Bei dieser Verfahrensweise wird einerseits vermieden, dass der Arbeitgeber erfährt, dass sein Arbeitnehmer Kontakt mit dem Jugendamt hat, wobei auch der Eindruck entstehen kann, dieser wolle gesetzlichen Verpflichtungen nicht nachkommen. Andererseits ist eine Auskunftsverpflichtung nicht in jedem Fall zweifelsfrei gegeben, wie der vorliegende Fall zeigt, in dem sich der Petent darauf beruft, dass er erst nach Ablauf von zwei Jahren zur erneuten Auskunft verpflichtet sei; diese Frage kann im familiengerichtlichen Verfahren zunächst geklärt werden.

Ich habe das zuständige Jugendamt aufgefordert, diesen Fall zum Anlass zu nehmen, seine Mitarbeiter darauf hinzuweisen, dass im Rahmen einer Beistandschaft grundsätzlich Verdienstanfragen beim Arbeitgeber datenschutzrechtlich nicht zulässig sind.
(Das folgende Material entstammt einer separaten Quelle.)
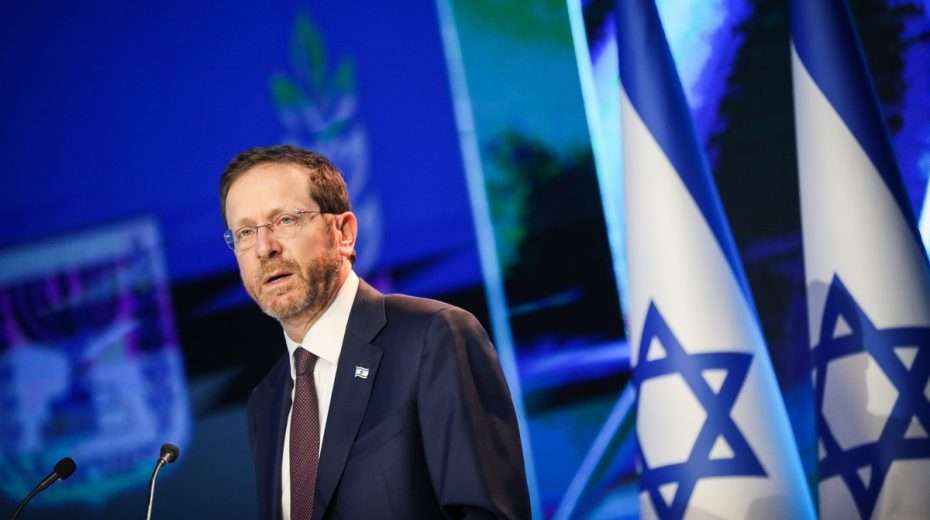 Israel Urges Christians: Come Back to the Holy Land! President Isaac Herzog tells Christians that the Holy Land eagerly awaits their return.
Einsicht in Umgangsrechtsakten des Jugendamtes

Immer wieder beschweren sich Bürger bei meiner Behörde darüber, dass ihnen von Behörden Einsicht in die sie betreffenden Akten verwehrt wird. Dies liegt nach meinem Eindruck meist darin begründet, dass bei den Behördenmitarbeitern die datenschutzrechtlichen Auskunftsansprüche nicht hinreichend bekannt sind.

So offensichtlich auch in dem Fall, den ich nachstehend schildern möchte:

Eine Mutter wollte die Frage des Umgangsrechtes mit ihrem Sohn einer Klärung zuführen, nachdem es diesbezüglich zu Problemen zwischen ihr und dem Kindesvater gekommen war.
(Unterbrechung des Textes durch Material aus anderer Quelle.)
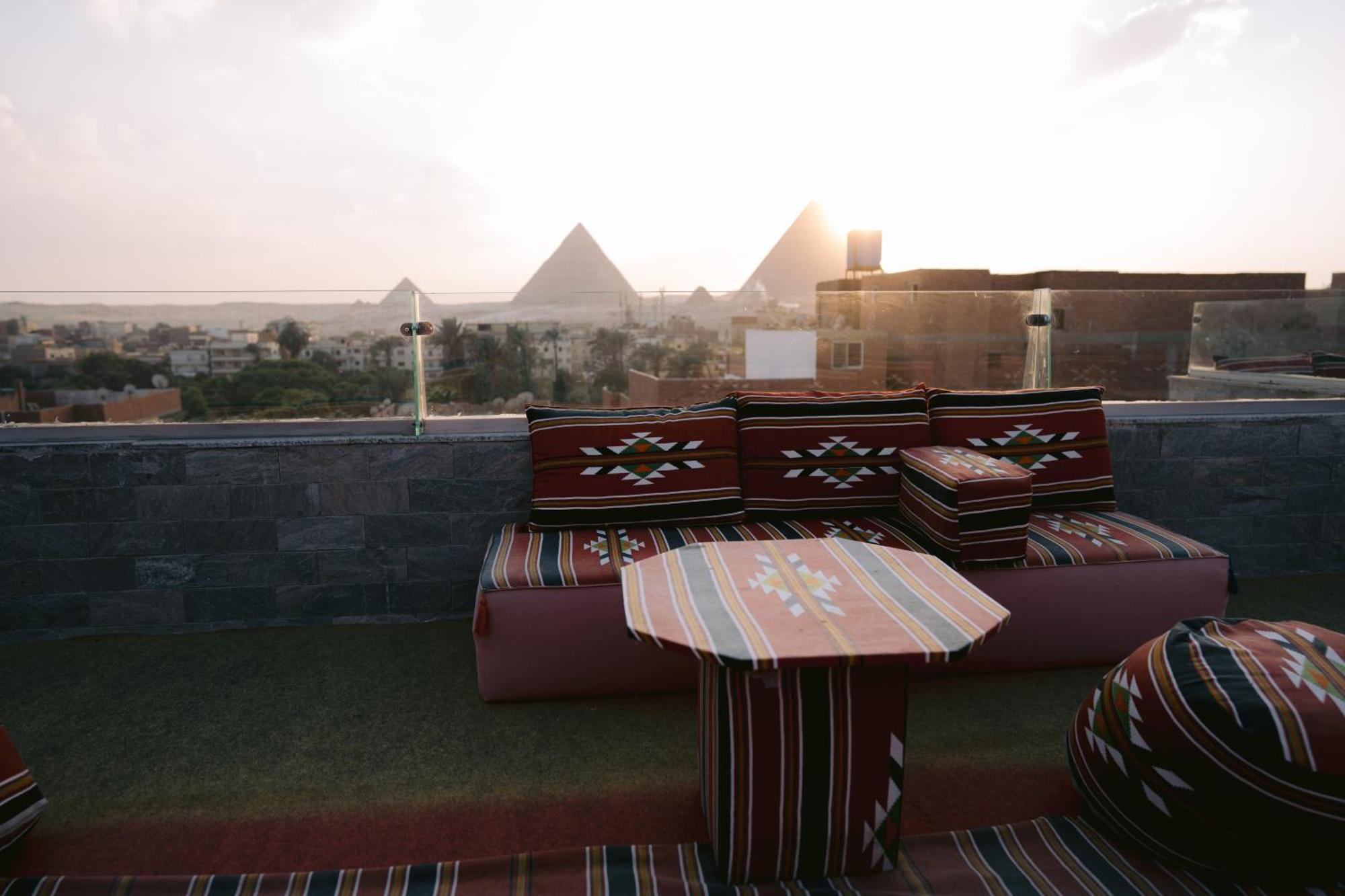 Tuya Pyramids Inn Kafrat al Jabal Bagian luar foto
Vor einer eventuellen gerichtlichen Geltendmachung ihres Anspruches eines Umgangsrechtes wollte sie Akteneinsicht in die Umgangsrechtsakte des Jugendamtes nehmen, das beratend für die Eltern tätig war.

Die beantragte Akteneinsicht wurde von dem betreffenden Jugendamt mit der pauschalen Begründung abgelehnt, dass das Jugendamt im Rahmen seiner Beratungstätigkeit für Familien grundsätzlich keine Akteneinsicht gewähre.
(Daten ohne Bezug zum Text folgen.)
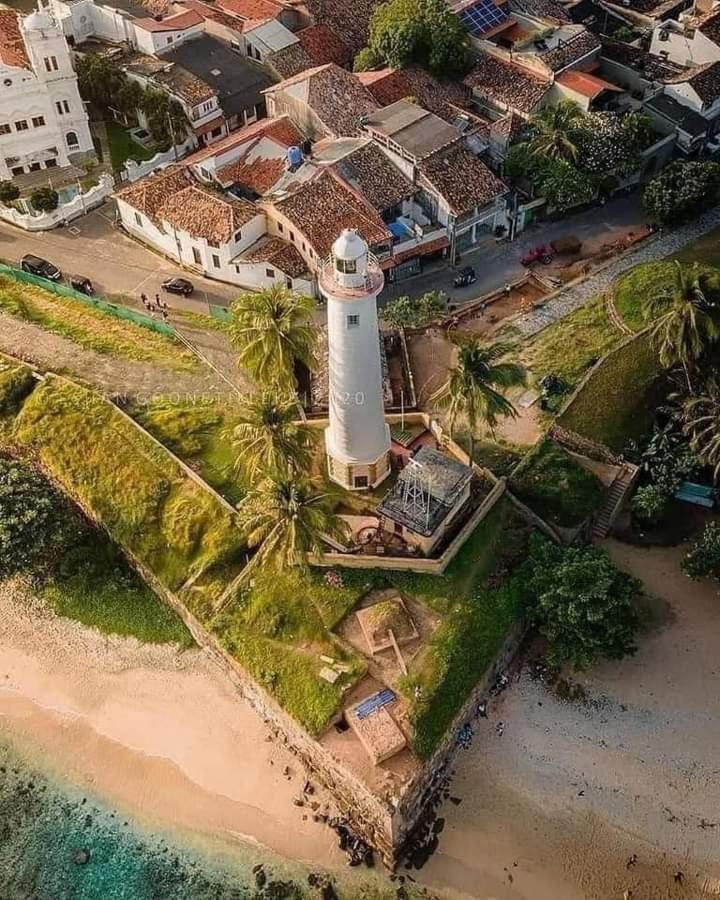Oesis - Stylish Villa Steps From Historic Galle Fort Eksteriør bilde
Ich habe folgende Rechtsauffassung vertreten: Gemäß § 83 SGB X ist dem Betroffenen auf Antrag grundsätzlich Auskunft über die zu seiner Person gespeicherten Daten zu erteilen.

Die Auskunftserteilung darf unter bestimmten Voraussetzungen unterbleiben, etwa wenn die Daten nach einer Rechtsvorschrift oder ihrem Wesen nach, insbesondere wegen der überwiegenden berechtigten Interessen eines Dritten, geheim gehalten werden müssen (§ 83 Absatz 4 SGB X).